DATA SUPPLIED.
....
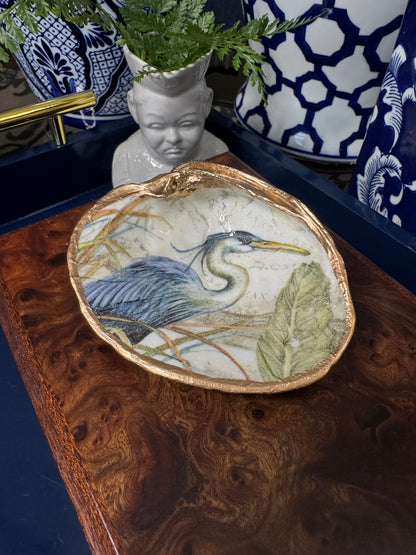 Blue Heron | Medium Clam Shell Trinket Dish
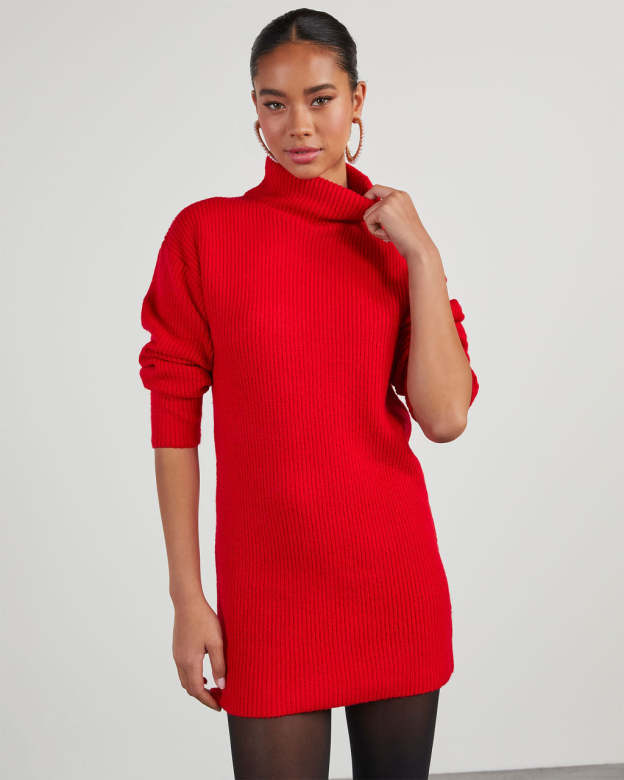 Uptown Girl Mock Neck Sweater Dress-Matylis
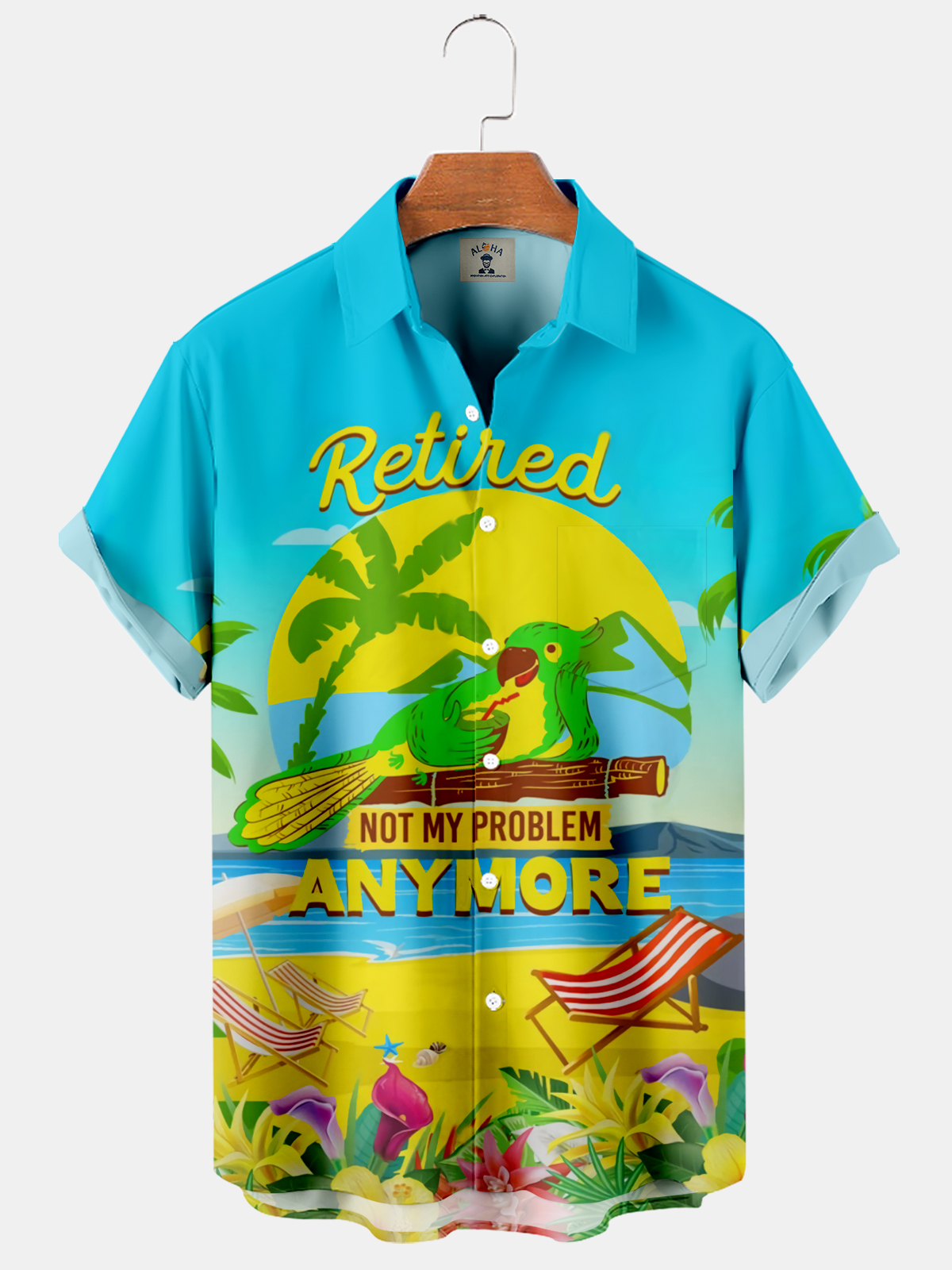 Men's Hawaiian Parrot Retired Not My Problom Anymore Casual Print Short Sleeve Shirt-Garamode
....
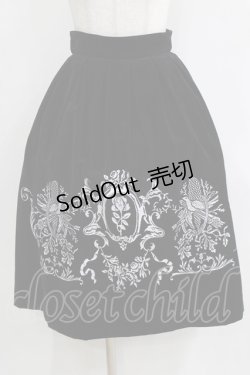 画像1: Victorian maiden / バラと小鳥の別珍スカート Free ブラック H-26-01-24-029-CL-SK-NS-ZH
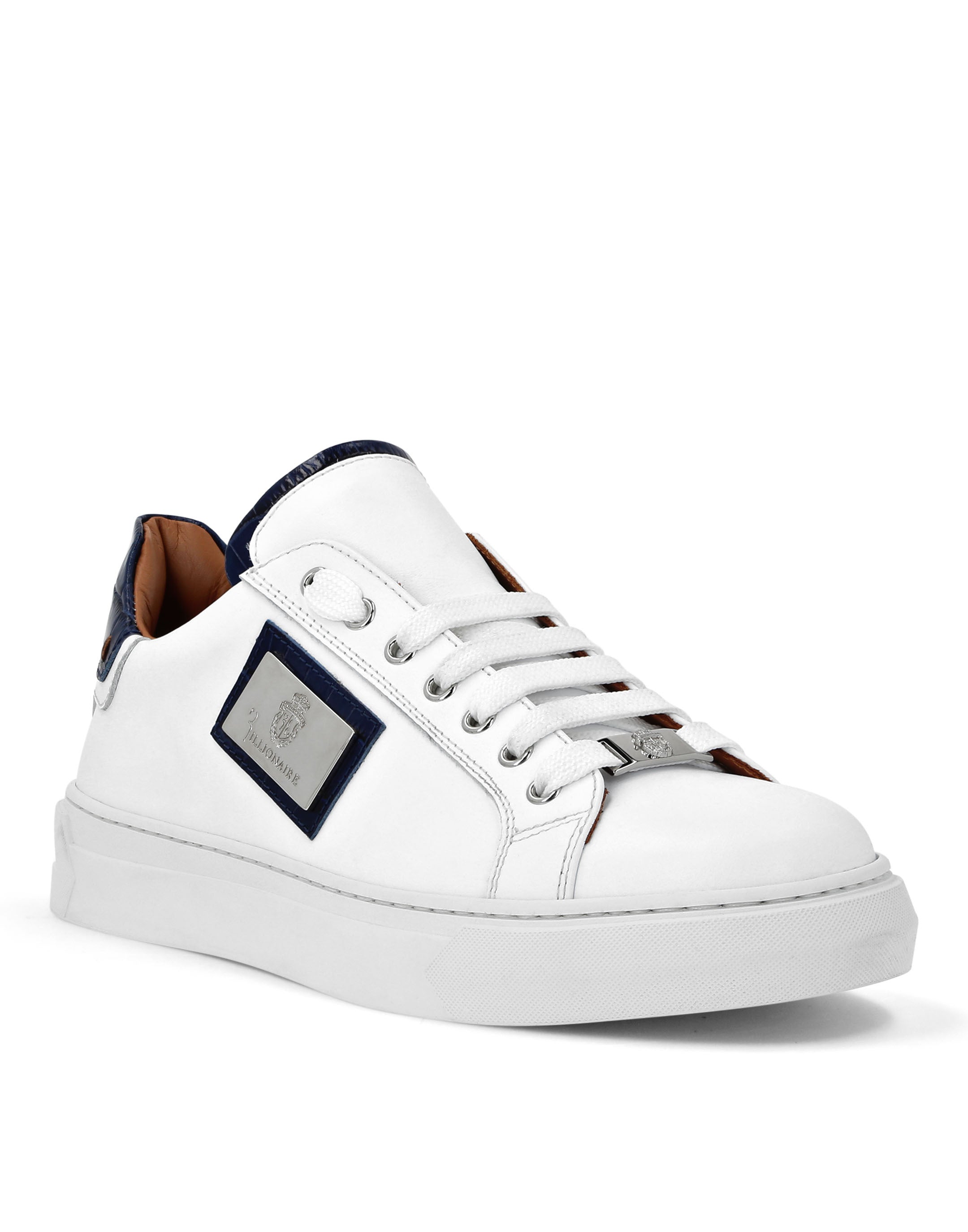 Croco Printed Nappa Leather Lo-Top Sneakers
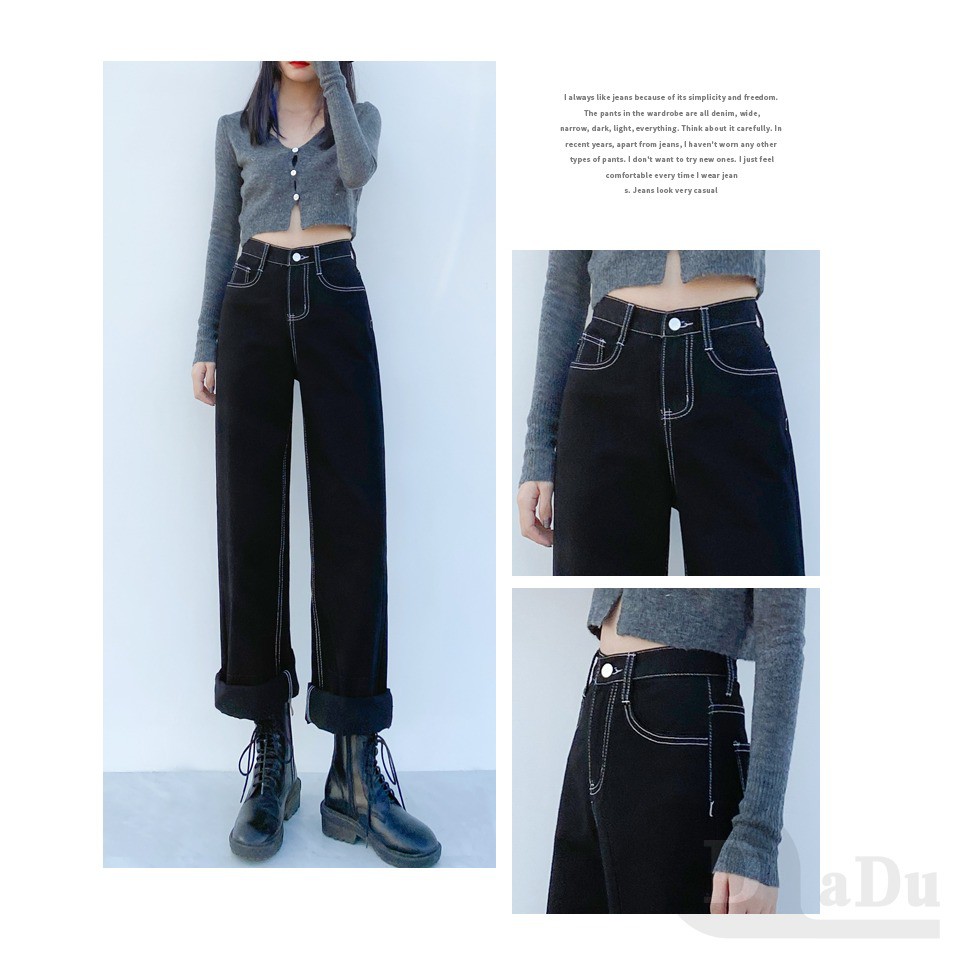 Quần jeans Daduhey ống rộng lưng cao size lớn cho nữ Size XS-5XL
....
HOW TO COMPLETE THIS TASK.
Here the job is to copy the listing above word for word, starting at the line with "Croco Printed Nappa Leather Lo-Top Sneakers" and ending at the line with "Quần jeans Daduhey", and to leave out the pictures.

RESPONSE TO THIS EXERCISE.
 Croco Printed Nappa Leather Lo-Top Sneakers
 Quần jeans Daduhey ống rộng lưng cao size lớn cho nữ Size XS-5XL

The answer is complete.